We employ SHAP version 0.42.1 to interpret the optimal prediction model. The Kernel SHAP framework is implemented to conduct both global and local model interpretations. Feature importance ranking is determined by computing SHAP values, with features ordered according to their mean absolute SHAP values. This integration of ML with SHAP explanation methods establishes a robust theoretical foundation for predictive modeling by providing transparent, quantitative insights into model behavior.

Results

Clinical characteristics

This retrospective study enrolled 758 pediatric patients diagnosed with IgAV, with a mean age of 7.2 ± 2.5 years. The cohort comprised 441 males (58.2%) and was stratified into three clinical subgroups: 303 cases (40.0%) without GI manifestations, 231 cases (30.5%) presenting with abdominal pain, and 224 cases (29.6%) exhibiting rectal bleeding. The time interval from IgAV symptom onset to hospital admission for laboratory evaluation ranged from 0 to 7 days (mean: 2.7 days). Subsequent progression to GI bleeding occurred within 1–9 days post-admission (mean: 3.5 days). As detailed in Table 2, statistically significant intergroup differences (P < 0.05) were observed across multiple laboratory parameters, including hematological markers (WBC, GR, Hb, PLT), biochemical function markers (AST, ALB, LDH, LDHD), lipid profile (TC, APO), and inflammatory/coagulation markers (CRP, D-D).

Table 2

Table 2. Demographics of research population.

Post-hoc pairwise comparisons were performed for all parameters demonstrating statistical significance. Table 3 further demonstrates statistically significant differences in the inter-group comparisons.

Table 3

Table 3. Post-hoc pairwise comparisons.

Given the variations in normal reference ranges for hematological markers across different age groups, we performed comparative analyses of WBC, GR, HB, and PLT among these demographic cohorts (Table 4).

Table 4

Table 4. Comparison of grouping hematological markers for different age groups.

Machine learning model performance

Through comprehensive evaluation of 5 ML models across both training and validation sets, TabPFN-V2 demonstrated superior performance metrics. The model achieved consistently high scores in the validation set, with accuracy 0.88, sensitivity 0.88, recall 0.88, F1-score 0.87, and the Kappa coefficient 0.82, outperforming all other compared models. (Table 5).

Table 5

Table 5. Machine learning model performance.
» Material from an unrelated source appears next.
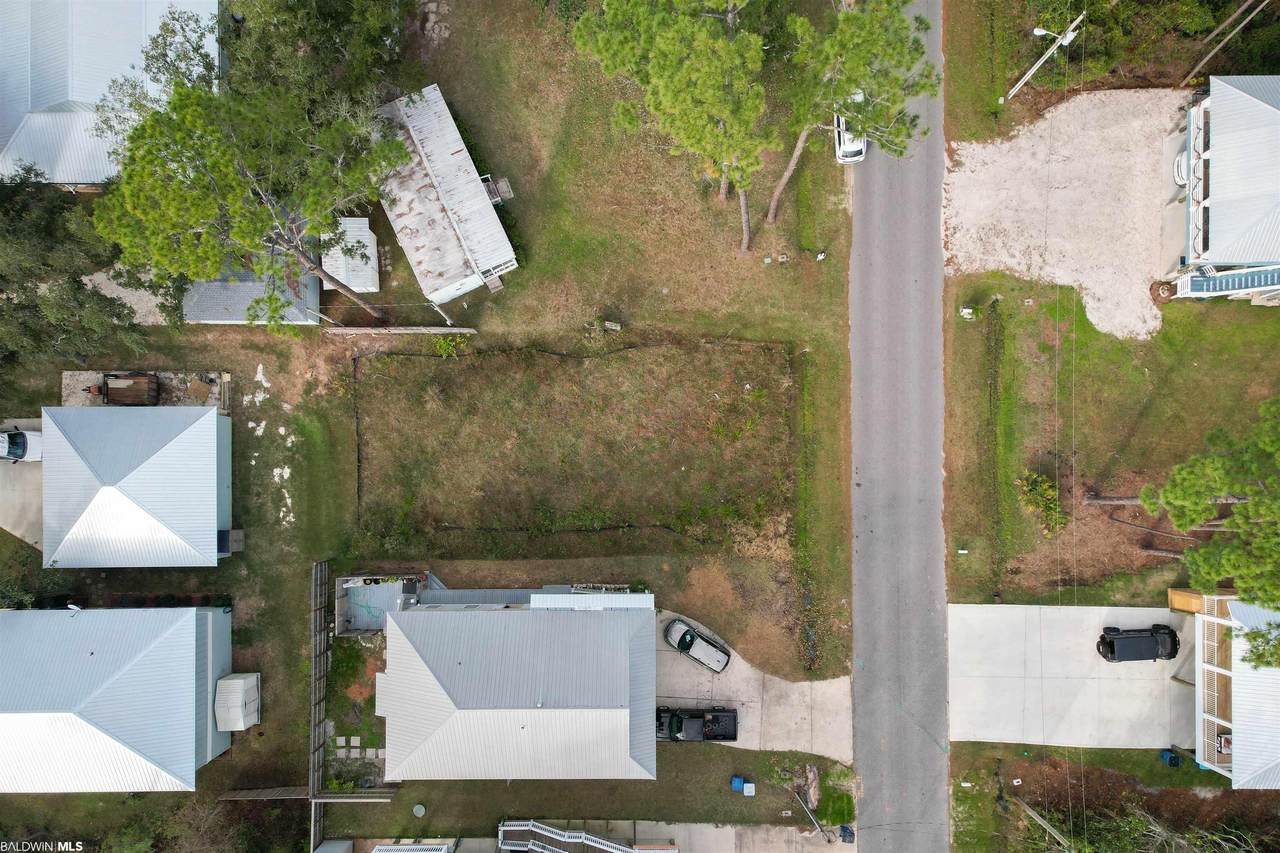 5507 Gulf Ave - Photo 1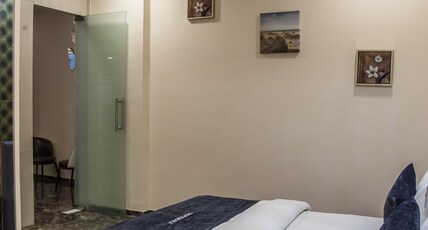 Vadpadrka Hotel and Resort Room Type - Suite Room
The accuracy, sensitivity, recall, and F1-score of both training and validation sets from five machine learning models were evaluated across eight performance dimensions using the Friedman test. The analysis yielded statistically significant results (χ² = 26.624, P < 0.01). Subsequent Nemenyi post hoc testing revealed that the TabPFN-V2 model achieved the highest mean rank, with statistically significant differences (P < 0.05) observed between TabPFN, CatBoost, and LightGBM (Figure 2).

Figure 2

Bar graph comparing model performance rankings with a critical difference of 2.728. Models ranked: TabPFN at 1.00, XGBoost at 2.00, Random Forest at 3.62, CatBoost at 3.75, and LightGBM at 4.62. Red line indicates ranking differences.

Figure 2. Average ranking of model performance.

Area under the multi-class ROC curve

The TabPFN model demonstrated exceptional discriminatory performance, with both macro-average and micro-average ROC-AUC scores reaching 0.98. When evaluated using a OvR strategy across clinical subgroups, the model maintained consistently high AUC values: 0.97 for asymptomatic cases, 0.96 for the abdominal pain subgroup, and 0.99 for the bleeding subgroup. These outstanding metrics strongly suggest that our selected features serve as robust predictors for GI complications in pediatric IgAV cases. The TabPFN model therefore represents an optimal choice for classification modeling with this dataset (Figure 3).

Figure 3

ROC curve graph depicting the performance of a multi-class classifier. The true positive rate is plotted against the false positive rate. Included curves are micro-average and macro-average ROC with areas under the curve (AUC) of 0.98 each, and TabPFN for classes zero to two with AUCs of 0.97, 0.96, and 0.99 respectively.

Figure 3. Area under the multi-class ROC curve.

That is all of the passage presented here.